💘46 尖った悪意が剣の切っ先のように突き付けられている

 大山先輩のパンツが、あたしの荷物の中から見つかった──!?


『有紗さんの荷物をはじめ部屋の中からはパンツが見つからなかったので、他の場所を探そうと思ったんです。

 ただ、その前にちえりのバッグの中を整理しておこうと思ってファスナーを開けたら、ぐっちゃぐちゃになった荷物の中から男もののパンツが入ったビニール袋が見つかって……』


 リュカの過保護のおかげであたしのバッグの中からパンツが見つかったということか。

 それを知らずに部屋に戻っていたら、あたしの容疑が確定するところだった。


 尖った悪意が剣の切っ先のようにあたしに突き付けられていることを今更ながらに自覚する。

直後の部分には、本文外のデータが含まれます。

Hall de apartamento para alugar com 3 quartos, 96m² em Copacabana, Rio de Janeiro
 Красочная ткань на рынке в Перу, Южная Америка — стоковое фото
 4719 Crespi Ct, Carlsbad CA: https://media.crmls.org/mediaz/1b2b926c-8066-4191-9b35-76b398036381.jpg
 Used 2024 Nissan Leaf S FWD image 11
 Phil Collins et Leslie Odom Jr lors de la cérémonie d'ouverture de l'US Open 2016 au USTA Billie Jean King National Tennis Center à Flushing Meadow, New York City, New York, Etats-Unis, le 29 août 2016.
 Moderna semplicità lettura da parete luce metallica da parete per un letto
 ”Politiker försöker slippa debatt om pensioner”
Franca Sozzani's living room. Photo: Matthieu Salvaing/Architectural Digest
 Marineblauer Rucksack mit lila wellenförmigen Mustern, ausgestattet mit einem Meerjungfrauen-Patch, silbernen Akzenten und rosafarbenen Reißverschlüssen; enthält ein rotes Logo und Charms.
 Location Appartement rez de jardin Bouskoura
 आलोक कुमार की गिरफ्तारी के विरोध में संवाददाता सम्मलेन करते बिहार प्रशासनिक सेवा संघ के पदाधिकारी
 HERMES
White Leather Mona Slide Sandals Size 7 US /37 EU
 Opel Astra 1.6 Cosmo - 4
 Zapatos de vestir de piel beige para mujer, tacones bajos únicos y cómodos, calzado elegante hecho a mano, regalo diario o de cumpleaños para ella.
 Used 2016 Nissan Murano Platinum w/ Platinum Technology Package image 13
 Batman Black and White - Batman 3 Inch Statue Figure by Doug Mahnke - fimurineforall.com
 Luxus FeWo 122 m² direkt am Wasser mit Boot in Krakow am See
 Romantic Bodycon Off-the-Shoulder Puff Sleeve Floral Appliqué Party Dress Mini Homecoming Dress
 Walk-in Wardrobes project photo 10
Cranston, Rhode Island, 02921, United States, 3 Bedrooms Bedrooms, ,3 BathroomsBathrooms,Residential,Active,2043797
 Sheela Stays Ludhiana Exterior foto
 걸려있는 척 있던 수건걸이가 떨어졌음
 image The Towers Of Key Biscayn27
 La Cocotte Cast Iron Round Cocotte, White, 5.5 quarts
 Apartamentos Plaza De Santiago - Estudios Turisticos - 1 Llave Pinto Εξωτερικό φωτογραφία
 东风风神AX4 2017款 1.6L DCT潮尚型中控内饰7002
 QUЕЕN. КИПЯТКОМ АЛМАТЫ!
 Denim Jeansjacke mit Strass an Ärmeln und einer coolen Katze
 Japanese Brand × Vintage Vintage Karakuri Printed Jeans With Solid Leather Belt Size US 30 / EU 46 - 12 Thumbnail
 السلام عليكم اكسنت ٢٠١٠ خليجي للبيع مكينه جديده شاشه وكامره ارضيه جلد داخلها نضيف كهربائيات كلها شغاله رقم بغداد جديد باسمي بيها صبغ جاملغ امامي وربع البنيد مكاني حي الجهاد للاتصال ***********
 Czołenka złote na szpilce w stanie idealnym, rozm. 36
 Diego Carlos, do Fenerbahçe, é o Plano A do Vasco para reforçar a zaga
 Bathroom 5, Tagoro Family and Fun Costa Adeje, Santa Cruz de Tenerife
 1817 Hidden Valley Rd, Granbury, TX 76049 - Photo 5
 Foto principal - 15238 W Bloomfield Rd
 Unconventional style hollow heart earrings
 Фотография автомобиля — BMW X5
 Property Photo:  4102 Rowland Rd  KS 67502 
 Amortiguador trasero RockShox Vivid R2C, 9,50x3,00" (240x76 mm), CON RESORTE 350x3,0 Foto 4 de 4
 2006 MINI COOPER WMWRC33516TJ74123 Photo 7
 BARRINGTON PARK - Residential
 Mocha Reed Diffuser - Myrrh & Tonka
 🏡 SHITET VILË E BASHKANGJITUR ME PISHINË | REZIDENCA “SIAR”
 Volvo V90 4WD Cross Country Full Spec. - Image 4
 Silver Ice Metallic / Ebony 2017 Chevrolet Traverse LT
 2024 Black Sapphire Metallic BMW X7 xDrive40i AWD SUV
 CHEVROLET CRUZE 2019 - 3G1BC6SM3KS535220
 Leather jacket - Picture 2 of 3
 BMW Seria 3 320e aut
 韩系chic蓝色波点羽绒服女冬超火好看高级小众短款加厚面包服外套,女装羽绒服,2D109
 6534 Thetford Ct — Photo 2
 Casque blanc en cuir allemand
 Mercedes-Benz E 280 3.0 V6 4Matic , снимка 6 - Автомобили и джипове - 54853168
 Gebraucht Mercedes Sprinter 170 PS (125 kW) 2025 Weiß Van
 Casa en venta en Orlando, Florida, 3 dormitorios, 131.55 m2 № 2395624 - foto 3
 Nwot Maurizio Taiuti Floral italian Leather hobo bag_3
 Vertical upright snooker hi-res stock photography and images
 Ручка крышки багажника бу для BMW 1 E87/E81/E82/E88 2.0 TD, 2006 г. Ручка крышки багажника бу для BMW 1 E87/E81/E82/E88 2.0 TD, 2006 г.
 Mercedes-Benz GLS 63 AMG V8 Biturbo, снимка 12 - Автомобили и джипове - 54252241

『白フンの君のパンツは僕が彼の部屋に戻しておきましたから安心してください。

 ……ただ、僕としては引っ掛かることがあるんです。

 ちえり達の部屋のドアは鍵がかけられていました。

 窓の鍵が開いていたので僕は外から入ったんですが、宿泊者以外の人間が忍び込むことができない点から考えると……』


「あたしと同じ部屋の誰かが犯人って可能性が高いってことだよね……」




 心の中に立ち込めていた濃霧が一気に集まり、輪郭をもって現れる。


 その姿は──




「やっぱり、犯人は有紗ちゃん……」




 疑念が確信に変わり、心が凍てつくように強ばった。



 ここまでされたら、あたしももう黙ってはいられない。



「有紗ちゃんと話をしてみるよ」


 冷ややかな決意を込めてリュカを見上げると、彼はその瞳に穏やかな光をたたえたままゆっくりと頷いた。


『彼女がこれ以上嫌がらせをしてこないように、ここできっちり話をつけた方がいいでしょう。

 僕が傍についていますから、ちえりは落ち着いて話してくださいね』


 森を映した深い湖の色の瞳が、湧き上がる不安と失望と怒りを鎮めてくれる。


 あたしは頷き返すと大きく息を吐き、それから襖を開けて大部屋の中へ再び入った。

 円座して談笑する人たちの中をわけ入り、空手部女子のグループへと近づく。


「有紗ちゃん。ちょっと話があるんだけど、いいかな」

「えっ? なぁに?」

「ここじゃ話せないことだから、和室の外に行こう?」


 語気の強いあたしの言葉に、ほろ酔い顔で笑みを浮かべていた有紗ちゃんの口元が途端に強ばった。


「……わかった」


 手にしていたカップをテーブルに置いた有紗ちゃんが立ち上がると、あたし達は和室の外へ出た。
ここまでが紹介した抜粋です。